# burstner wing mirrors!



## daichi (May 9, 2005)

does anyone know where I can get the white plastic insert that fits on the A class wing mirrors? I managed to whack a lane divider on roadworks in belgium last week and didnt realise til we got to the ferry terminal that I had lost it!! Experience tells me that contacting burstner direct is going to be long and very painful in the wallet area!!


----------



## tonybvi (Jan 31, 2007)

When I (or rather a lorry coming the other way) smashed the mirror (including glass) on my 681 I got Perthshire Caravans to order a complete new unit for me. It took less than 2 weeks to arrive but it did cost an arm and a leg!! Of course PC wouldn't fit it as I did not purchase the van from them but it was an easy enough job for me to do.
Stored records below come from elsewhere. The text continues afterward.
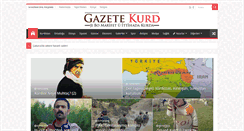 Desktop Screenshot of gazetekurd.com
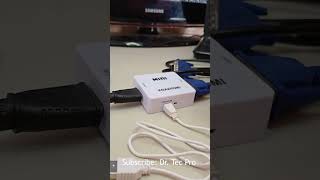 Quick Tip Connect Your Old PC to a New TV VGA to HDMI [upl. by Ytoc]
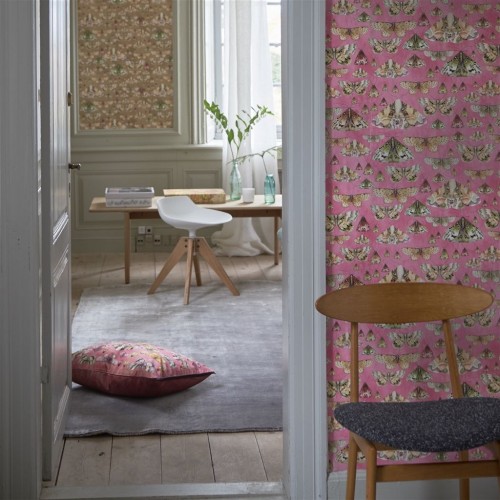 Обои Designers Guild Jardin Des Plantes Issoria Rose PDG713/03 Обои Designers Guild Jardin Des Plantes Issoria Rose PDG713/03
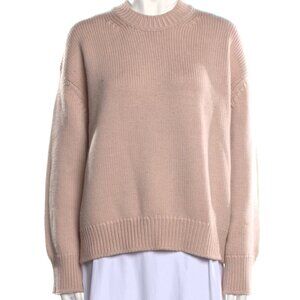 Mansur Gavriel -  Merino Wool Crew Neck Sweater (Light Pink)
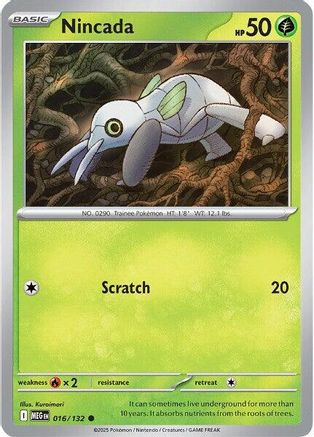 Nincada 016/132 - ME01 Mega Evolution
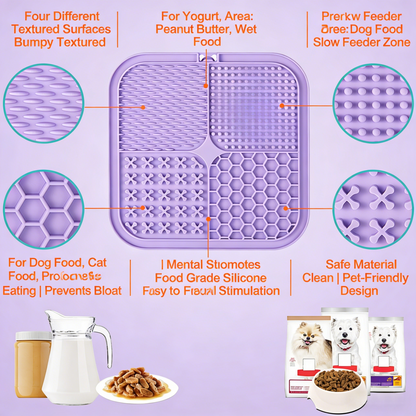 Non-Slip Silicone Slow Feeder Mat for Pets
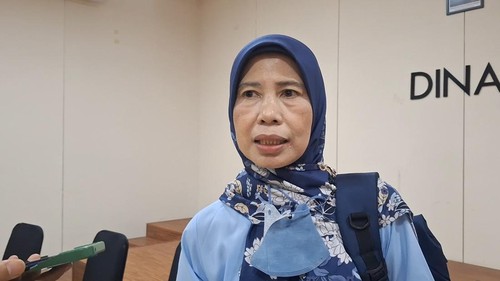 Fungsional Perencana Deputi Promosi dan Kerja Sama BGN, Widiawati, saat diwawancarai di Kantor Dinkes Mataram, Rabu (29/4/2026). (Nathea Citra/detikBali)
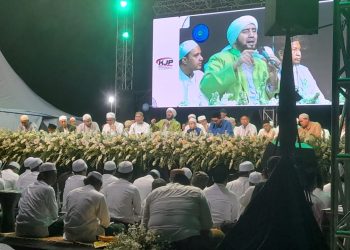 Pengajian Akbar Karya Jaya Pertiwi Bersholawat Di Kawal TNI-Polri dan Banser Bersinergi Untuk Cooling System Pilkada 2024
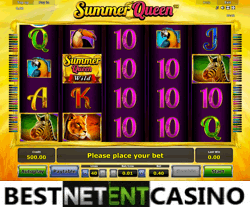 Summer Queen slot by Novomatic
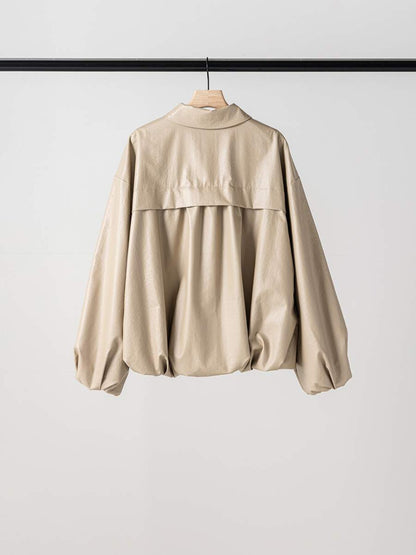【予約販売】YENN LEATHER LIKE BLOUSON Y264-42119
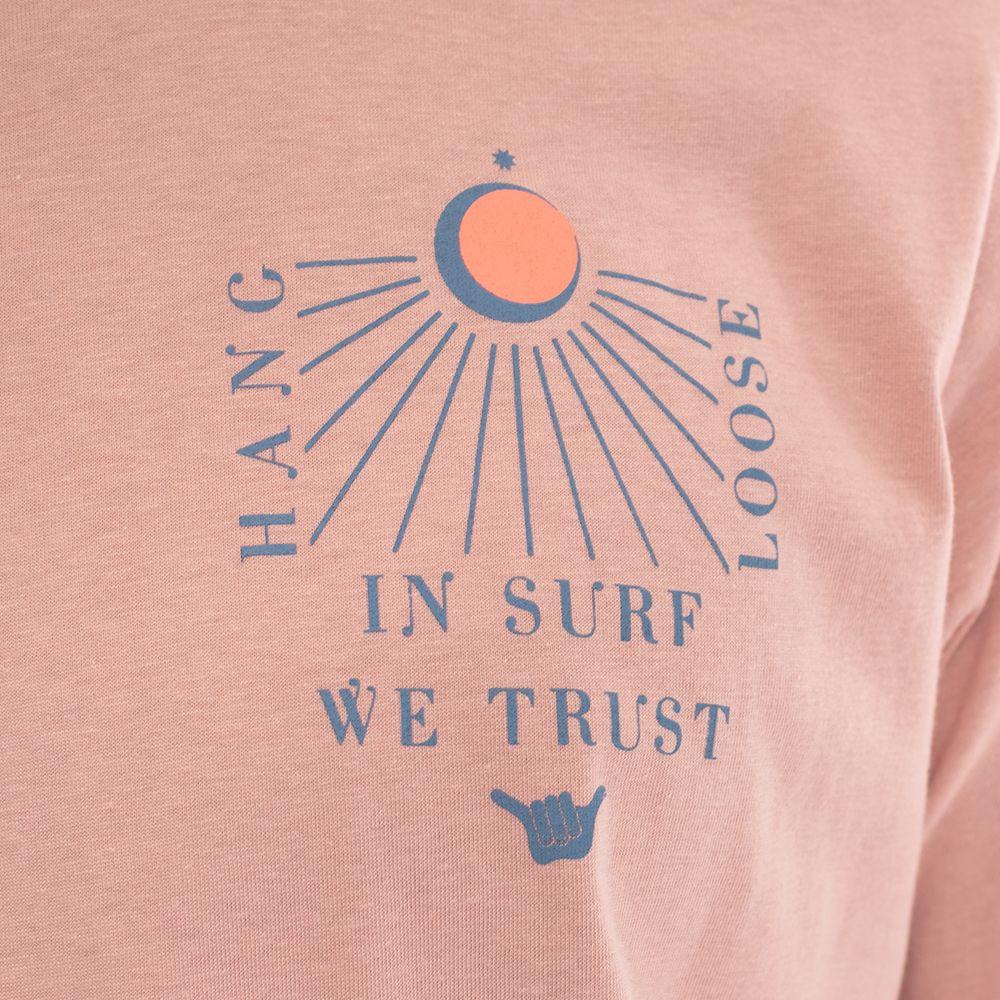 Polera Hombre Rosado Surf We Trust Hang Loose-3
I would guess that they could also get just the white insert for you as they emailed me an exploded diagram so that I could get them to order the exact parts I required.

Tony


----------



## daichi (May 9, 2005)

thanks for that tony, I've found a company in glasgow who have that exploded diagram on their website so I'll phone monday and order one, If I can!!


----------



## IrishMike (May 1, 2005)

Hi,
What is the web address of the company in Glasgow?
The reason is my fiat mirrors have been whacked but all that is broken are the gears and actuator shafts on the motors. 
Perhaps they have one for this?
Regards
Mike


----------